Indeed, the road to securing justice for anti-corruption agencies has continued to be long and sometimes tortuous with little or no gain at the end.

The Economic and Financial Crimes Commission (EFCC), has had course to blame the frustrating process on the judiciary, particularly defense lawyers who seek injunction and apply other means to exploit inherent loopholes in the lawyer to scuttle justice in cases involving their clients standing trails for corruption related cases.

For some years, EFCC, miffed by the situation, has been calling for the overhaul of the criminal justice system in Nigeria. This is for good reason due to the way corruption cases such as those involving former governors, former bank chiefs and other high profile government officials drag on endlessly. This was after the bid by its former chairman, Farida Waziri, for special courts for corruption cases failed at the National Assembly. The failure of the Bill may not be unconnected with the fact that it could sound the death knell on some of the legislators who have cases with the EFCC.

The leadership of the EFCC has continually lamented about cases against some former governors, which have been in the courts for upward of seven to nine years without the commencement of trial due to the delay tactics of their counsels in filing frivolous applications that challenge the jurisdiction of the courts.

According to the Chief of Staff of the EFCC, and the Director of Legal and Prosecution, Kayode Oladele and Chile Okoroma, who spoke in separate interviews with The Guardian, these cases are taken up to the Supreme Court in a bid to waste time and evade justice.

Despite these delays, the EFCC has continued to investigate cases, made arrests and keep the case files at the doors of the judiciary in the hope that, with time, the judiciary will wake up to its responsibility of giving Nigerians speedy justice.

The most recent of such investigations being carried out by the EFCC involve former and serving governors who will lose their immunity at the end of the current dispensation. Others are serving members of the National Assembly, as well as former Heads of Service of the Federation.

To ensure that the targets are brought to book, the EFCC has signed Memoranda of Understanding with 12 international law enforcement agencies with which it will be collaborating on training, information sharing and joint operation so that indicted individuals do not escape outside the country after the elections.

The Memoranda of Understanding were signed with agencies such as the Metropolitan Police of the United Kingdom, the French Police, Australia Federal Police, The Global fund, United States Federal Trade Commission, West Australia Police, the World Bank, Africa Development Bank, Higher Authority against Corruption and Related Offences (HALCIA), Niger Republic, British Serious Fraud Office and Economic Crimes Network of New Zealand in January While speaking at the brief signing ceremony with the Metropolitan Police of the United Kingdom, chairman of the EFCC, Ibrahim Lamorde, lamented the delayed trial of high profile corruption cases in the courts

However, the judiciary took a positive stance last week by ordering two of such long standing cases for trial.

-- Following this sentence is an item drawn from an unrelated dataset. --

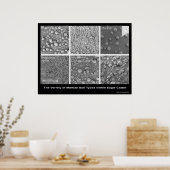 イーグルクレーターの火星の土壌の種類の多様性 ポスター (キッチン)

In one week, the Supreme Court ordered the former aviation minister, Professor Babalola Borishade and former governor of Plateau state, now senator Joshua Dariye to go and face trial in their different corruption cases.

This move is somewhat a form of victory for the anti corruption course in Nigeria. It is worthy to note that as the judiciary in Nigeria seems to have woken up to tackling corruption cases with vigour, same is being done in the international community.

For instance, just as the United States of America has been dealing with some of its corrupt officials through convictions in the past weeks, the United Kingdom, which ranks highly on the Transparency International corruption perception index, is also doing a lot more to ensure it does better; by launching its anti corruption plan as part of the new year moves to keep corruption at bay in the UK.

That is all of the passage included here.